In our course on stochastic analysis, we proved the following version of the one-dimensional Itô formula: Let $\{W_t\}_{t\ge 0}$ be a one-dimensional Brownian motion w.r.t. some (right-continuous and complete ("usual conditions")) filtration $\{\mathfrak{F}_t\}_{t\ge 0}$ and let $\{X_t\}_{t\ge 0}$ be an Itô process, i.e. $X_t=X_0+\int_{0}^t K_s ds+\int_0^t H_s dW_s$ where $X_0$ is $\mathfrak{F}_0$-measurable, $K$ and $H$ both are progressively measurable and satisfy the integrability conditions $\int_0^t|K(s)|ds<\infty$ a.s. and $\int_0^t H(s)^2ds<\infty$ a.s. for all $t\ge 0$. Then, if $f:\mathbb{R}\rightarrow\mathbb{R}$ is a $\mathcal{C}^2$-function, we obtain for each $t\ge 0$: $$f(X_t)=f(X_0)+\int_0^t\underbrace{\left[f'(X_s)K_s+\frac{1}{2}f''(X_s)H_s^2\right]}_{(A)}ds+\int_0^t \underbrace{f'(X_s)H_s}_{(B)}dW_s.$$
Now, it was remarked that $\{f(X_t)\}_{t\ge 0}$ is again an Itô process. Why is this the case? How to prove all those integrability and measurability conditions?

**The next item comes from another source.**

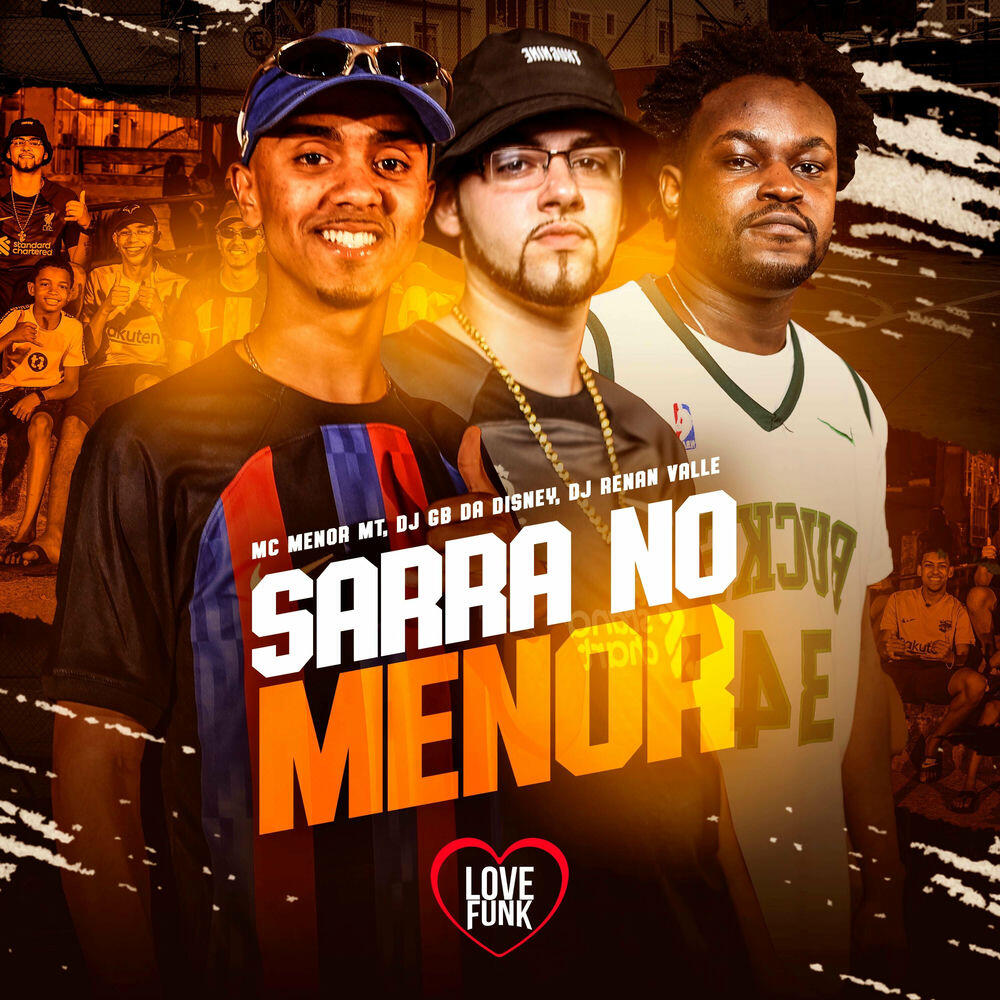 Релиз SARRA NOS MENOR QUE TA DE GLOCK NA CINTURA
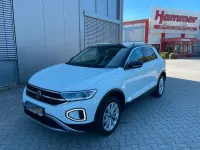 Gebraucht VW T-Roc Style 150 PS (110 kW) 2023 Weiß SUV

EDIT: The relevant integrability conditions are quite obvious to me now as I realized that $X$ is a continuous process. But, I do not see why (A) and (B) are progressively measurable.
Thank you in advance!
Recall two facts on progressive measurability:
Since $(X_t)_{t \geq 0}$ has continuous sample paths, we get that $(X_t)_{t \geq 0}$ is progressively measurable. Consequently, also $(f'(X_t))_{t \geq 0}$ and $(f''(X_t))_{t \geq 0}$ are progressively measurable. As the product/sum of two measurable functions is again measurable, this implies that (A) and (B) are progressively measurable.